[Start of Attachment]

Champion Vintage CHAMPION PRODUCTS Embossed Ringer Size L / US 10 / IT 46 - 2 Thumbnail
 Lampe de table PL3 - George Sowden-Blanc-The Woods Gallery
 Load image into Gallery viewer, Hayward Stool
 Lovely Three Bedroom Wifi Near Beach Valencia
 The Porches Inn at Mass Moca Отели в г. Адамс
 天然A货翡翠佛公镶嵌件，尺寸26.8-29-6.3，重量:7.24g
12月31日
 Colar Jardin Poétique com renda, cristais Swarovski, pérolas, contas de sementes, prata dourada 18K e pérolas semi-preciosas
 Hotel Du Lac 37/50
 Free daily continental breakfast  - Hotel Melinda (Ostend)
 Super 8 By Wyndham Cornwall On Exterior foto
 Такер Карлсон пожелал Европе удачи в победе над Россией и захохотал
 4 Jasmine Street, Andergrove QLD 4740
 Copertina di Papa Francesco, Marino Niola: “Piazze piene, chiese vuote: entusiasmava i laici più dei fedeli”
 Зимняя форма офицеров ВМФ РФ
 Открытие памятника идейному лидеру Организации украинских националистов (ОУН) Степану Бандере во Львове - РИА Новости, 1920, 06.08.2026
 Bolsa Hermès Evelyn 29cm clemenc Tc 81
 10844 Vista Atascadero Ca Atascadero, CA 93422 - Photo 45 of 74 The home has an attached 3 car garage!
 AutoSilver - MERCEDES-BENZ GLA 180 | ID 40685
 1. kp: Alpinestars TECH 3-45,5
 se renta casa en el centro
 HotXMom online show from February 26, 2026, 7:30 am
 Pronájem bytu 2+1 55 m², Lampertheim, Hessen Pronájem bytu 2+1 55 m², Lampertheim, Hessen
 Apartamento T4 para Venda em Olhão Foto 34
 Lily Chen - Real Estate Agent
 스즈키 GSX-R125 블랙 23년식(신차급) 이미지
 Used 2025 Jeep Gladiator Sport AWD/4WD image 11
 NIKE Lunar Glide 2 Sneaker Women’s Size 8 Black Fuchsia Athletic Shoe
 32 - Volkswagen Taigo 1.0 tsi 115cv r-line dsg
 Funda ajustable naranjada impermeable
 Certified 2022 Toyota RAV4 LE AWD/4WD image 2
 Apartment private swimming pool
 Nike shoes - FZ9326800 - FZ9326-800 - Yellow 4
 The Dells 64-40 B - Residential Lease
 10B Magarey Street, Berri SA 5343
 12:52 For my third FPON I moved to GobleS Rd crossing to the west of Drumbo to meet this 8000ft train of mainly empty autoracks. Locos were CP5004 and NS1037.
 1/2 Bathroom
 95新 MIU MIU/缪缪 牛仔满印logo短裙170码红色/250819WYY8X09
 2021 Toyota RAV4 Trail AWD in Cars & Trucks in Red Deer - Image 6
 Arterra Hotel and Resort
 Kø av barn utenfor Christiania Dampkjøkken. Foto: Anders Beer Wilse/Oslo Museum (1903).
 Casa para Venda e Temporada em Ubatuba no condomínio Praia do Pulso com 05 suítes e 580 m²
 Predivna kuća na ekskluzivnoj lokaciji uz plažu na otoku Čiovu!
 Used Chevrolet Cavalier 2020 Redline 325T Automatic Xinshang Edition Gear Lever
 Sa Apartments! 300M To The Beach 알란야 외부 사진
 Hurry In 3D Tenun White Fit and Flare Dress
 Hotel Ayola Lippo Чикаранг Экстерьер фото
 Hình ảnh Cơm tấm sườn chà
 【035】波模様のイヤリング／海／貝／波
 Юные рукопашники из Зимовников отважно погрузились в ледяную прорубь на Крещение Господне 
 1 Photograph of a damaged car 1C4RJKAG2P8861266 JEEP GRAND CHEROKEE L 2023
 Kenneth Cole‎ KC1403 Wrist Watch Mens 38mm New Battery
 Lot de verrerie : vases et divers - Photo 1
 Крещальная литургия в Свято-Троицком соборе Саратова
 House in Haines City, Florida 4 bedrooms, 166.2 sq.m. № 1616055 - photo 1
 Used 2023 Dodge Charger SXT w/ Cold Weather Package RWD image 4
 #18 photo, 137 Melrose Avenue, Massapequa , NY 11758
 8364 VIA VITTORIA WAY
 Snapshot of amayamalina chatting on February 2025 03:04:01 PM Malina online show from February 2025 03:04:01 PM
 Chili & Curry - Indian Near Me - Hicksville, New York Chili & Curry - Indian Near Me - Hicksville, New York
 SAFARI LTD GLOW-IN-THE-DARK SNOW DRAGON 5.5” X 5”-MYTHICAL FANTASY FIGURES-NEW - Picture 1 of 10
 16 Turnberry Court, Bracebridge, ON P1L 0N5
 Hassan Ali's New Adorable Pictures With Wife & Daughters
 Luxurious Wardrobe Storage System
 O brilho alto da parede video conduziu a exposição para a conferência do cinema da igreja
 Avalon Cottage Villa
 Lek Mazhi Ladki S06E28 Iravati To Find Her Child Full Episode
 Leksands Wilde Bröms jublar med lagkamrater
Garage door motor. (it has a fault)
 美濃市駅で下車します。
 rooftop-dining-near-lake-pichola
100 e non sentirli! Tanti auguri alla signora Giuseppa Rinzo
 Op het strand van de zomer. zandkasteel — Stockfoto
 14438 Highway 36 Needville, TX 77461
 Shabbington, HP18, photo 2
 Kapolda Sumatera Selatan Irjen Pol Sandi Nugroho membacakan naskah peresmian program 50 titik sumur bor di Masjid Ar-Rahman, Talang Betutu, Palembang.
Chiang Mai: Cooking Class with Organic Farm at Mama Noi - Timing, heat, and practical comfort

[End of Attachment]

Please reproduce the data as it was given, with every line exact.

TASK RESPONSE
Champion Vintage CHAMPION PRODUCTS Embossed Ringer Size L / US 10 / IT 46 - 2 Thumbnail
 Lampe de table PL3 - George Sowden-Blanc-The Woods Gallery
 Load image into Gallery viewer, Hayward Stool
 Lovely Three Bedroom Wifi Near Beach Valencia
 The Porches Inn at Mass Moca Отели в г. Адамс
 天然A货翡翠佛公镶嵌件，尺寸26.8-29-6.3，重量:7.24g
12月31日
 Colar Jardin Poétique com renda, cristais Swarovski, pérolas, contas de sementes, prata dourada 18K e pérolas semi-preciosas
 Hotel Du Lac 37/50
 Free daily continental breakfast  - Hotel Melinda (Ostend)
 Super 8 By Wyndham Cornwall On Exterior foto
 Такер Карлсон пожелал Европе удачи в победе над Россией и захохотал
 4 Jasmine Street, Andergrove QLD 4740
 Copertina di Papa Francesco, Marino Niola: “Piazze piene, chiese vuote: entusiasmava i laici più dei fedeli”
 Зимняя форма офицеров ВМФ РФ
 Открытие памятника идейному лидеру Организации украинских националистов (ОУН) Степану Бандере во Львове - РИА Новости, 1920, 06.08.2026
 Bolsa Hermès Evelyn 29cm clemenc Tc 81
 10844 Vista Atascadero Ca Atascadero, CA 93422 - Photo 45 of 74 The home has an attached 3 car garage!
 AutoSilver - MERCEDES-BENZ GLA 180 | ID 40685
 1. kp: Alpinestars TECH 3-45,5
 se renta casa en el centro
 HotXMom online show from February 26, 2026, 7:30 am
 Pronájem bytu 2+1 55 m², Lampertheim, Hessen Pronájem bytu 2+1 55 m², Lampertheim, Hessen
 Apartamento T4 para Venda em Olhão Foto 34
 Lily Chen - Real Estate Agent
 스즈키 GSX-R125 블랙 23년식(신차급) 이미지
 Used 2025 Jeep Gladiator Sport AWD/4WD image 11
 NIKE Lunar Glide 2 Sneaker Women’s Size 8 Black Fuchsia Athletic Shoe
 32 - Volkswagen Taigo 1.0 tsi 115cv r-line dsg
 Funda ajustable naranjada impermeable
 Certified 2022 Toyota RAV4 LE AWD/4WD image 2
 Apartment private swimming pool
 Nike shoes - FZ9326800 - FZ9326-800 - Yellow 4
 The Dells 64-40 B - Residential Lease
 10B Magarey Street, Berri SA 5343
 12:52 For my third FPON I moved to GobleS Rd crossing to the west of Drumbo to meet this 8000ft train of mainly empty autoracks. Locos were CP5004 and NS1037.
 1/2 Bathroom
 95新 MIU MIU/缪缪 牛仔满印logo短裙170码红色/250819WYY8X09
 2021 Toyota RAV4 Trail AWD in Cars & Trucks in Red Deer - Image 6
 Arterra Hotel and Resort
 Kø av barn utenfor Christiania Dampkjøkken. Foto: Anders Beer Wilse/Oslo Museum (1903).
 Casa para Venda e Temporada em Ubatuba no condomínio Praia do Pulso com 05 suítes e 580 m²
 Predivna kuća na ekskluzivnoj lokaciji uz plažu na otoku Čiovu!
 Used Chevrolet Cavalier 2020 Redline 325T Automatic Xinshang Edition Gear Lever
 Sa Apartments! 300M To The Beach 알란야 외부 사진
 Hurry In 3D Tenun White Fit and Flare Dress
 Hotel Ayola Lippo Чикаранг Экстерьер фото
 Hình ảnh Cơm tấm sườn chà
 【035】波模様のイヤリング／海／貝／波
 Юные рукопашники из Зимовников отважно погрузились в ледяную прорубь на Крещение Господне 
 1 Photograph of a damaged car 1C4RJKAG2P8861266 JEEP GRAND CHEROKEE L 2023
 Kenneth Cole‎ KC1403 Wrist Watch Mens 38mm New Battery
 Lot de verrerie : vases et divers - Photo 1
 Крещальная литургия в Свято-Троицком соборе Саратова
 House in Haines City, Florida 4 bedrooms, 166.2 sq.m. № 1616055 - photo 1
 Used 2023 Dodge Charger SXT w/ Cold Weather Package RWD image 4
 #18 photo, 137 Melrose Avenue, Massapequa , NY 11758
 8364 VIA VITTORIA WAY
 Snapshot of amayamalina chatting on February 2025 03:04:01 PM Malina online show from February 2025 03:04:01 PM
 Chili & Curry - Indian Near Me - Hicksville, New York Chili & Curry - Indian Near Me - Hicksville, New York
 SAFARI LTD GLOW-IN-THE-DARK SNOW DRAGON 5.5” X 5”-MYTHICAL FANTASY FIGURES-NEW - Picture 1 of 10
 16 Turnberry Court, Bracebridge, ON P1L 0N5
 Hassan Ali's New Adorable Pictures With Wife & Daughters
 Luxurious Wardrobe Storage System
 O brilho alto da parede video conduziu a exposição para a conferência do cinema da igreja
 Avalon Cottage Villa
 Lek Mazhi Ladki S06E28 Iravati To Find Her Child Full Episode
 Leksands Wilde Bröms jublar med lagkamrater
Garage door motor. (it has a fault)
 美濃市駅で下車します。
 rooftop-dining-near-lake-pichola
100 e non sentirli! Tanti auguri alla signora Giuseppa Rinzo
 Op het strand van de zomer. zandkasteel — Stockfoto
 14438 Highway 36 Needville, TX 77461
 Shabbington, HP18, photo 2
 Kapolda Sumatera Selatan Irjen Pol Sandi Nugroho membacakan naskah peresmian program 50 titik sumur bor di Masjid Ar-Rahman, Talang Betutu, Palembang.
Chiang Mai: Cooking Class with Organic Farm at Mama Noi - Timing, heat, and practical comfort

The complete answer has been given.